A sell-off brought the Nasdaq Composite index down 33% in 2022, with countless stocks affected. However, the same index has surged 13% year to date, illustrating the importance of holding stocks over the long term through the highs and especially the lows.

For instance, those who sold Warner Bros. Discovery's (WBD -2.25%) stock as it fell over 62% last year would not have benefited from its 59% rise since Jan. 1.

As Wall Street mogul Warren Buffett believes, "If you aren't willing to own a stock for 10 years, don't even think about owning it for 10 minutes." The famous investor used this strategy to grow his holdings company Berkshire Hathaway's portfolio to an asset worth $331.07 billion.

Here are three top stocks to buy for the long haul. 

1. Apple

As the world's most valuable company, with a market cap of $2.52 trillion, Apple's (AAPL 0.71%) stock has a reputation for offering substantial and consistent long-term gains. Over the last five years, the company's shares rose 263% and increased by 887% in the last decade.

Apple's growth is largely thanks to its dominance in multiple markets. As of the fourth quarter of 2022, Apple held the largest smartphone market share at 24.1%, a figure that has consistently grown from 13% in Q3 2019. Meanwhile, the company was responsible for a 49.7% market share in headphones in the U.S. in 2021 between its Apple and Beats brands.

Regarding digital services, Apple Music has the second-largest market share in music streaming, with 15% in Q2 2021, while Apple TV+ had a steadily growing 7% share in the streaming industry.

Apple is a diversified company with lucrative positions in multiple growing industries. Along with a history of consistent growth, its stock is an excellent long-term investment. 

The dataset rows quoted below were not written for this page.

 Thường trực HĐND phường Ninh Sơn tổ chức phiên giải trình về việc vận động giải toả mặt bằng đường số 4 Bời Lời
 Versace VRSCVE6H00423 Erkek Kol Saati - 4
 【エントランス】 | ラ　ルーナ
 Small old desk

2. Warner Bros. Discovery 

As with many consumer-reliant companies, Warner Bros. Discovery had a particularly tough 2022. Its over 60% stock slide during the year was triggered when the company took on $43 billion of debt from its merger with Discovery, with a long list of controversial restructuring moves that came after continuing to eat away at its stock price. However, Wall Street's faith in the company appears restored as its stock is up 59% in 2023.

After trimming content with countless shelved projects last year, Warner Bros. Discovery seems to be on the right path to fully take advantage of its valuable library of franchises that includes brands like Harry Potter, Game of Thrones, Lord of the Rings, and DC. The company slimmed down its content to put a larger focus on quality, which has already paid off with the success of its HBO Max series The Last of Us becoming the most-watched show in the platform's history.

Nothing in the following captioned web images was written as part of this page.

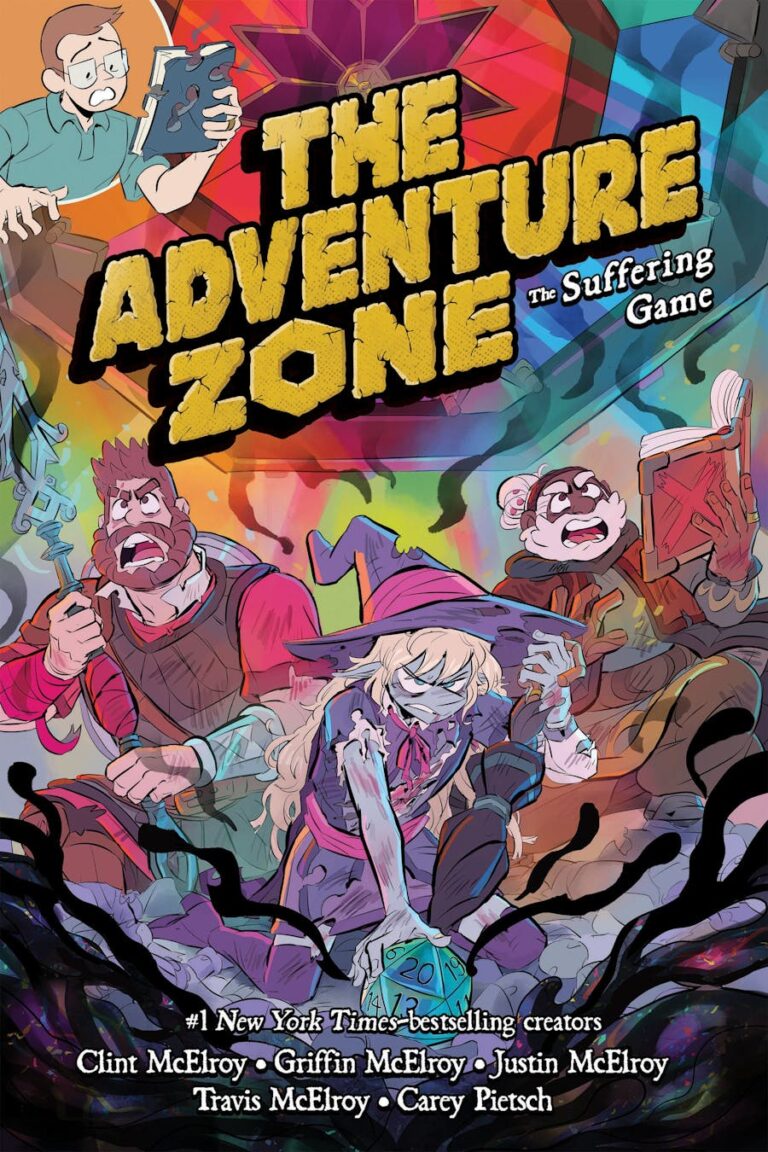 The Adventure Zone  The Suffering Gamearticle image -41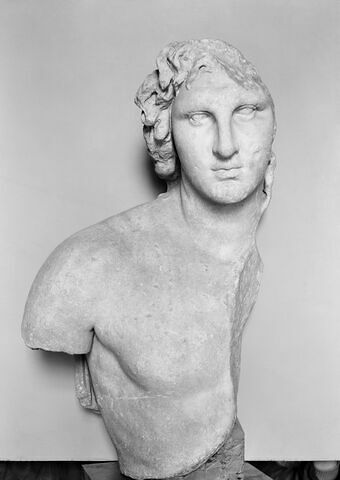 Portrait d'Alexandre dit 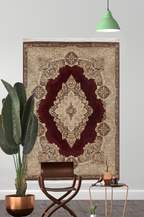Classic Silk Carpet 367A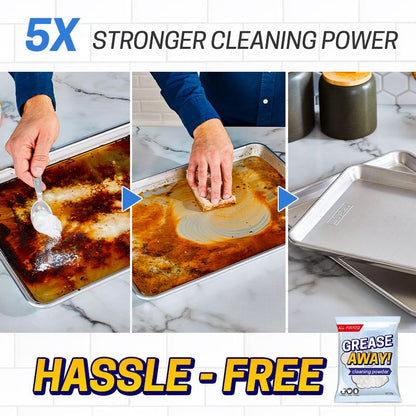GreaseAway™ Cleaning Powder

Moreover, analysts from Wells Fargo and Wolfe Research upgraded Warner Bros. Discovery's stock on March 17, upping their price targets to $20 -- a 33% increase from its recent price. Wolfe's Peter Supino cited the company's strategy of paying executives based on free cash flow and debt paydowns. Supino expects Warner Bros. Discovery to "deliver high (>50%) of EBITDA (earnings before interest, taxes, depreciation, and amortization) to free cash flow as merger-driven charges subside."

With its stock still down 42% year over year, now is an excellent time to invest in Warner Bros. Discovery's stock for the long haul.

3. Amazon 

Amazon (AMZN -0.12%) shares plunged almost 50% last year as macroeconomic headwinds proved detrimental to its e-commerce business. The challenging year led its free cash flow to tumble to -$16.89 billion. The company responded by laying off 18,000 workers in November 2022, adding 9,000 to that list this March, canceling construction or closing down dozens of warehouses, and sunsetting projects such as its telehealth service Amazon Care.

However, Amazon's dominant positions in e-commerce and cloud computing will likely see it flourish again over the long term. According to Grand View Research, the e-commerce market was valued at $9.09 trillion in 2019 and is projected to expand at a compound annual growth rate (CAGR) of 14.7% through 2027. Meanwhile, Amazon's 37.8% market share in the industry will likely provide substantial gains once economic challenges subside.

Cloud computing is similarly expected to grow at a CAGR of 14.1% through 2030, with Amazon holding a leading 34% market share.

Amazon's stock is up about 19% year to date, with layoffs and new projects such as a venture into satellite internet to rival SpaceX's Starlink rallying investors. The company stumbled last year, but its long-term prospects remain positive, making its stock a compelling long-term buy.